Right, and given the limitations imposed by MEMCG_CHARGE_BATCH variance in 
the stats themselves, for example, this value will not be 100% accurate 
since none of the stats are 100% accurate :)

> > For the second, I think it is to hide the internal implementation
> > details of the kernel from the user space. The deferred split queues
> > is an internal detail and we don't want that exposed to the user.
> > Similarly how lazyfree is implemented (i.e. anon pages on file LRU)
> > should not be exposed to the users.
> 
> I would tend to agree that there is a lot of internal logic that can
> skew existing statistics and that might be confusing. But I am not sure
> that providing something that aims to hide them yet is hard to use is a
> proper way forward. But maybe I am just too pessimistic. I would be
> happy to be convinced otherwise.
> 

Idea would be to expose what the kernel deems to be available, much like 
MemAvailable, at a given time without requiring userspace to derive the 
value for themselves.  Certainly they *can*, and I gave an example of how 
it would do that, but it requires an understanding of the metrics that the 
kernel exposes, how reclaim behaves, and attempts to be stable over 
multiple kernel versions which would be the same motivation for the global 
metric.

Assume a memcg hierarchy that is serving that latency sensitive service 
that has been protected from the affects of global pressure but the amount 
of memory consumed by that service varies over releases.  How the kernel 
handles lazy free memory, how it handles deferred split queues, etc, are 
specific details that userspace may not have visiblity into: the metric 
answers the question of "what can I actually get back if I call into 
reclaim?".  How much memory is on the deferred split queue can be 
substantial, for example, but userspace would be unaware of this unless 
they do something like active_anon - anon.

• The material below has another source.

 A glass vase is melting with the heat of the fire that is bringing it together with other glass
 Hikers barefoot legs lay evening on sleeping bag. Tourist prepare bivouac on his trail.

Another use case would be motivated by exactly the MemAvailable use case: 
when bound to a memcg hierarchy, how much memory is available without 
substantial swap or risk of oom for starting a new process or service?  
This would not trigger any memory.low or PSI notification but is a 
heuristic that can be used to determine what can and cannot be started 
without incurring substantial memory reclaim.

I'm indifferent to whether this would be a "reclaimable" or "available" 
metric, with a slight preference toward making it as similar in 
calculation to MemAvailable as possible, so I think the question is 
whether this is something the user should be deriving themselves based on 
memcg stats that are exported or whether we should solidify this based on 
how the kernel handles reclaim as a metric that will carry over across 
kernel vesions?